Academic-grade benchmark methodology for validating the GPU-native persistent actor paradigm.
RingKernel demonstrates that persistent GPU kernels operating as actors with lock-free message passing achieve fundamentally different performance characteristics compared to the traditional kernel-launch model — specifically:
- Sub-microsecond command injection (0.03 us vs 50-300 us traditional launch overhead)

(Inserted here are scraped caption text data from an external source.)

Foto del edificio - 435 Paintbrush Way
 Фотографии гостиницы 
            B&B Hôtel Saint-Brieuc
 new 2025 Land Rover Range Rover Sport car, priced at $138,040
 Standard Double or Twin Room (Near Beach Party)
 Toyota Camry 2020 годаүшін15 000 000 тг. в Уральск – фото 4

- Zero-copy inter-kernel messaging via mapped memory and K2K channels
- Sustained throughput without re-launch overhead under mixed workloads
- Linear scalability of actor count within cooperative group limits
| Variable | Levels | Rationale |
|---|---|---|
| Execution model | Traditional (re-launch), Persistent (actor) | Core comparison |
| Message rate | 1K, 10K, 100K, 1M msg/s | Throughput scaling |
| Actor count | 1, 4, 16, 64, 256, 1024 | Scalability |
| Message payload | 64B, 256B, 1KB, 4KB | Payload sensitivity |
| Grid size | 32, 128, 512, max blocks | Resource pressure |
| GPU architecture | Ada (sm_89), Hopper (sm_90) | Hardware generality |
| Metric | Unit | Measurement Method |
|---|---|---|
| Injection latency | microseconds | CUDA events (device-side) |
| End-to-end latency | microseconds | Host clock bracketing |
| Throughput | messages/second | Count / wall-clock time |
| Tail latency | p50, p95, p99, p99.9 | Sorted measurement array |
| SM utilization | percent | NVTX + Nsight Compute |
| Memory bandwidth | GB/s | CUDA profiler |
| Power consumption | watts | nvidia-smi sampling |
| Control | Method |
|---|---|
| GPU clock frequency | Lock with nvidia-smi -lgc <max> |
| Compute mode | Exclusive process: nvidia-smi -c EXCLUSIVE_PROCESS |
| CPU governor | Performance mode: cpupower frequency-set -g performance |
| Thermal state | 5-minute warmup before measurement |
| OS interference | Disable GUI, minimize background services |
| Memory state | Fresh allocation per trial (no reuse) |
| ECC | Report ECC status (may affect bandwidth) |
[Warmup: 100 iterations, discarded]
[Measurement: 1000 iterations, recorded]
× 10 independent trials (fresh process each)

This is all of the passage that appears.